START DATA TO PROCESS

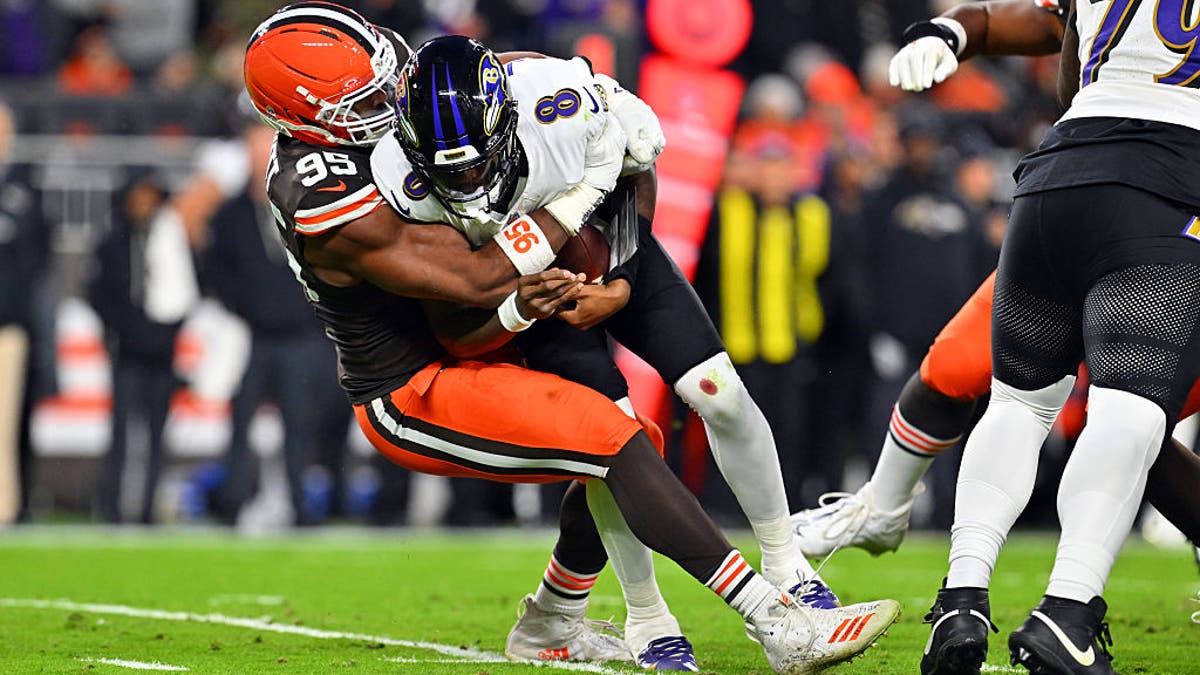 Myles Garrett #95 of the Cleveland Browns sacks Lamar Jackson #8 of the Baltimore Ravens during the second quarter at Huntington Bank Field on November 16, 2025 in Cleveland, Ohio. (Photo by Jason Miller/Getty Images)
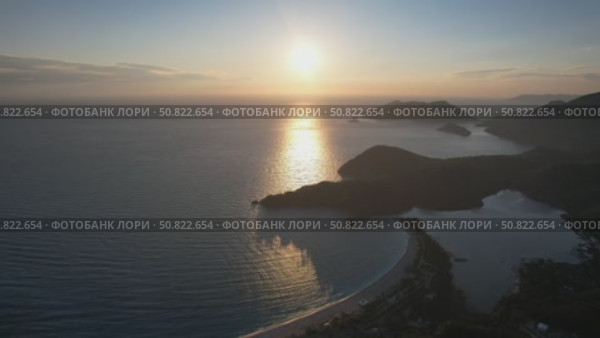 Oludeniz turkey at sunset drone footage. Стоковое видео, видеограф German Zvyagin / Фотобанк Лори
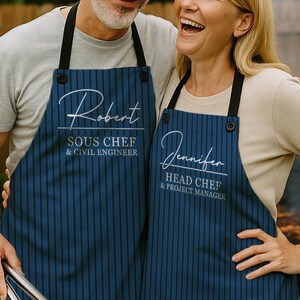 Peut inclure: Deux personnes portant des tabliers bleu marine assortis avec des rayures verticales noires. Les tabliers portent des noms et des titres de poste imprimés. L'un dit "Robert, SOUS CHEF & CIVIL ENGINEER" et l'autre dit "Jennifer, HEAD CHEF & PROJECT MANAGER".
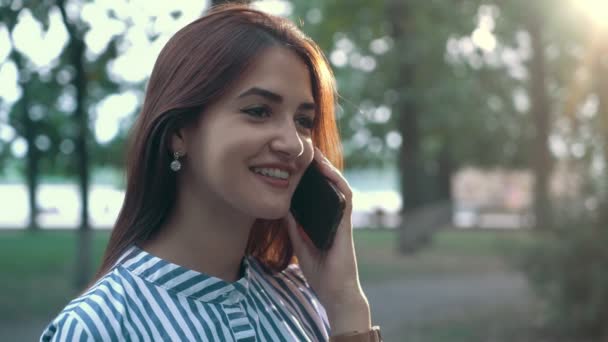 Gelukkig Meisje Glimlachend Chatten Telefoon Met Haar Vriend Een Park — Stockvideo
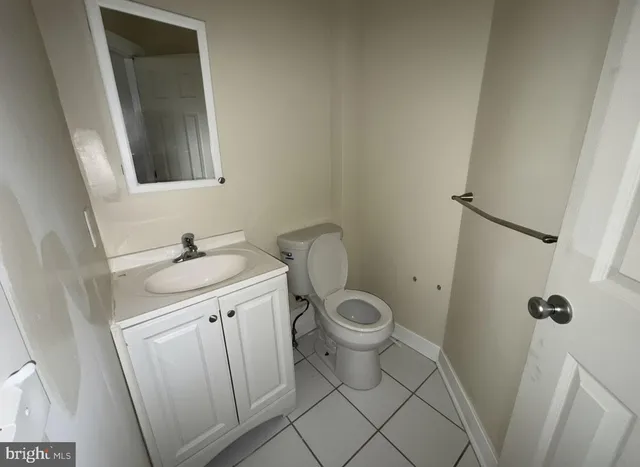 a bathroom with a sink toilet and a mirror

END DATA TO PROCESS

## WHAT YOU WILL DO
Find the line that contains "Peut inclure: Deux" and repeat it, along with every line after it to the end of the data, exactly; drop the pictures.

## RESULT
 Peut inclure: Deux personnes portant des tabliers bleu marine assortis avec des rayures verticales noires. Les tabliers portent des noms et des titres de poste imprimés. L'un dit "Robert, SOUS CHEF & CIVIL ENGINEER" et l'autre dit "Jennifer, HEAD CHEF & PROJECT MANAGER".
 Gelukkig Meisje Glimlachend Chatten Telefoon Met Haar Vriend Een Park — Stockvideo
 a bathroom with a sink toilet and a mirror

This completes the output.